Loving God, loving neighbor and then teaching, discipling, baptizing all others everywhere into this grace-empowered good news of salvation is the life-altering, pain-redeeming, world-transforming Mission of God. And God has called none other than You to join with Him in this Mission. And none other than God himself promises to empower—and give us the strength—to live into God’s mission in this world….
Paul makes it abundantly clear in 2 Corinthians: “We are therefore Christ’s ambassadors, as though God were making his appeal through us…” (2 Corinthians 5:20).

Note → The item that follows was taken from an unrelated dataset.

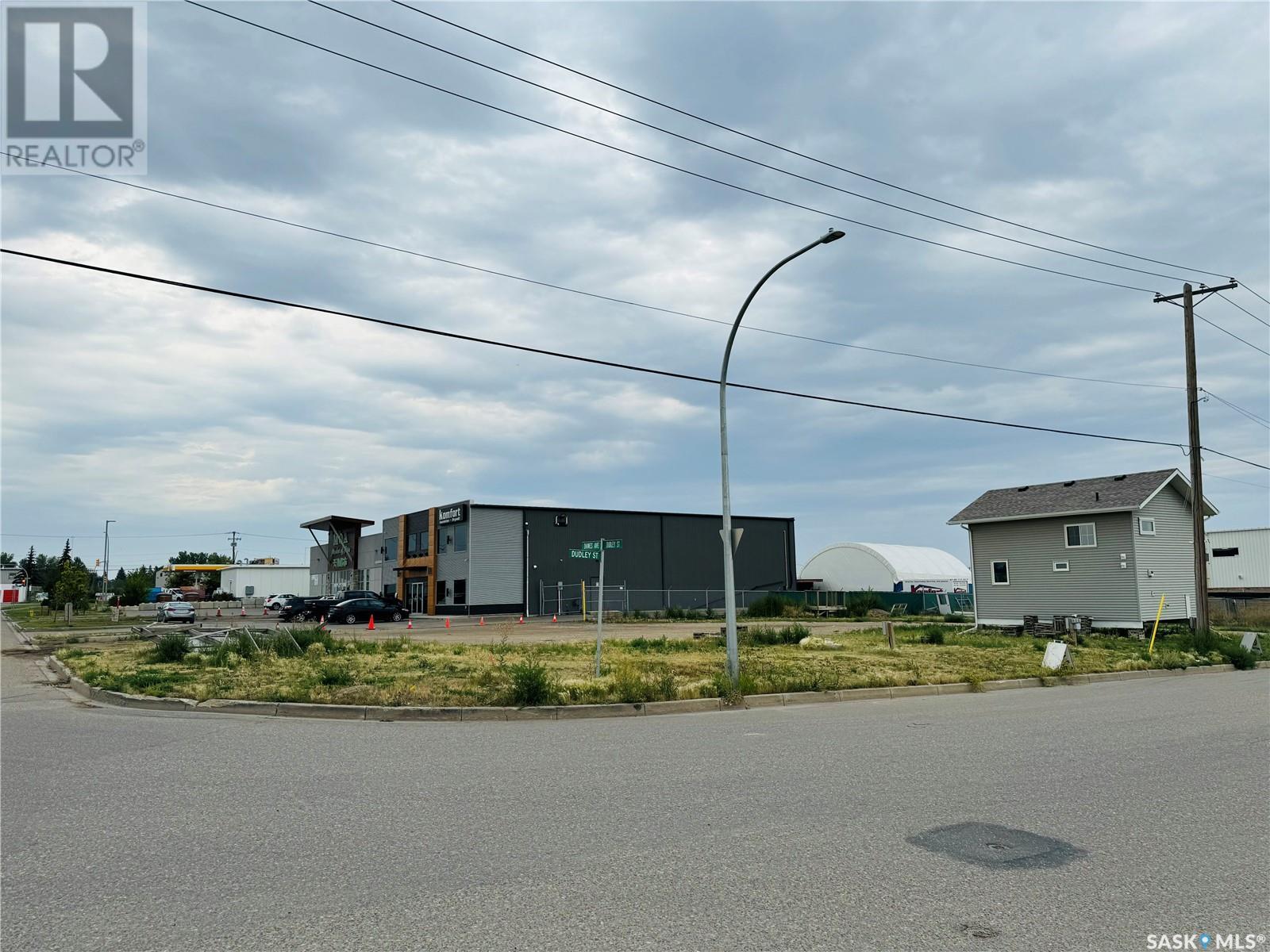30 2525 Dawes Avenue Property Photo 4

As those seeking to follow Jesus Christ, we don’t have a mission. Christ’s mission in the world has us. The Church doesn’t have a mission—God’s mission has a Church. Are you in?
God has sent me here to tell you today that YOUR MISSION (should you choose to accept it) is to join God in God’s mission in the world. The mission of partnering with God in making out of this old world a new world, in seeing God’s Kingdom come. That’s why Jesus said, “When you pray, PRAY LIKE THIS”–“Thy Kingdom come…and Thy Will be done ON EARTH AS IT IS IN HEAVEN.” That is God’s mission of world redemption and reconciliation–and I’m here to ask you today. Are you in?
What is the mission of the United Methodist Church?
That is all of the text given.